NOTTINGHAM - Chris Cairns dreamed of a series-winning farewell at his former cricketing home, but he did not count on a party pooper by the name of Harmison.
A reflective Cairns talked yesterday at his beloved Trent Bridge pavilion to mark his 62nd and final test.
He still looked a touch deflated at returning to Nottingham with New Zealand 2-0 down in the test series and their dreams of a second consecutive series win in England in tatters.
And he was in no doubt as to England's edge - a towering fast bowler from Durham who has snared 15 wickets from the first two tests.
"Purely Steve Harmison. Overall the teams are pretty similar, but Harmison has spearheaded their attack," Cairns said.
"He definitely has been the difference and, unfortunately, we haven't had someone to do the same thing.
"To say we're down is an understatement. There are a lot of disappointed guys, but we have to pick ourselves up and play like we know we can."
Cairns said he never imagined he would return to Trent Bridge, where he first played as a teenager in 1988, trailing by two matches in the series.
Still, he would accept nothing less than a win as his dream farewell to salvage something from the series - even if he scores a pair and fails to take a wicket. "A victory is all I want. For me it's always been about winning," he said. "I find individual performance is shallow if it doesn't lead to a victory."
Cairns said he had planned to retire after the South Africa series in March, having achieved his cricketing Everest of becoming a leading member of the elite allrounder's club.
Sitting alongside Sir Garfield Sobers, Ian Botham, Imran Khan, Kapil Dev and his fellow New Zealand and Notts servant Sir Richard Hadlee in the 3000-run, 200-wicket club was a satisfying achievement in a 15-year career in which he has played 61 tests, but missed a staggering 57 through injury.
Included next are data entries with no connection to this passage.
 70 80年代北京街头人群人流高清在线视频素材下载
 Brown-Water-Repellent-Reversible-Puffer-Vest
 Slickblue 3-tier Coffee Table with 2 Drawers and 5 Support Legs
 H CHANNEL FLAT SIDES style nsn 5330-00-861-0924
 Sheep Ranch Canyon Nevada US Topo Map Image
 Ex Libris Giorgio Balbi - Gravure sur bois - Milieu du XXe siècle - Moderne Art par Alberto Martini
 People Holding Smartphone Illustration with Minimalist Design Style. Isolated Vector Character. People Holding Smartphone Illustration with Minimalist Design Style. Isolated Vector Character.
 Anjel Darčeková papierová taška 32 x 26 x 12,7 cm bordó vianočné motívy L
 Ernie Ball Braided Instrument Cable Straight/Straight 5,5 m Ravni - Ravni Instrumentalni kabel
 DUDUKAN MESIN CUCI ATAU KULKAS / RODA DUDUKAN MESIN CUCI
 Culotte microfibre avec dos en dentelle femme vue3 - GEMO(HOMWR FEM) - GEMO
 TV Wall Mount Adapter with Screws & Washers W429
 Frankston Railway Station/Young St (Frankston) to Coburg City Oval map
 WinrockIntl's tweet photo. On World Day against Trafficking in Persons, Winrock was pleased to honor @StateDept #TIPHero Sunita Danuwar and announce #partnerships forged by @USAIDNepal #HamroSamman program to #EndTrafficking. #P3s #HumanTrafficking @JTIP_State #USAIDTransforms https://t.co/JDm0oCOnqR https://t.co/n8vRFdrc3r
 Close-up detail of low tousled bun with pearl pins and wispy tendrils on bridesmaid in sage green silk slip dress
But the England itinerary lured him back and seemed tailormade for a test farewell.
Cairns insisted he would not be persuaded back to test cricket. While he still wants to play one-day cricket as long as the body and mind remain willing, possibly to the 2007 World Cup in the Caribbean, he realised last week that test cricket was not for him any more.
"I was watching Harmison and Matthew Hoggard on that fourth evening at Headingley when they really ran in and won the game for England. That's when it dawned on me that it was time to call it a day."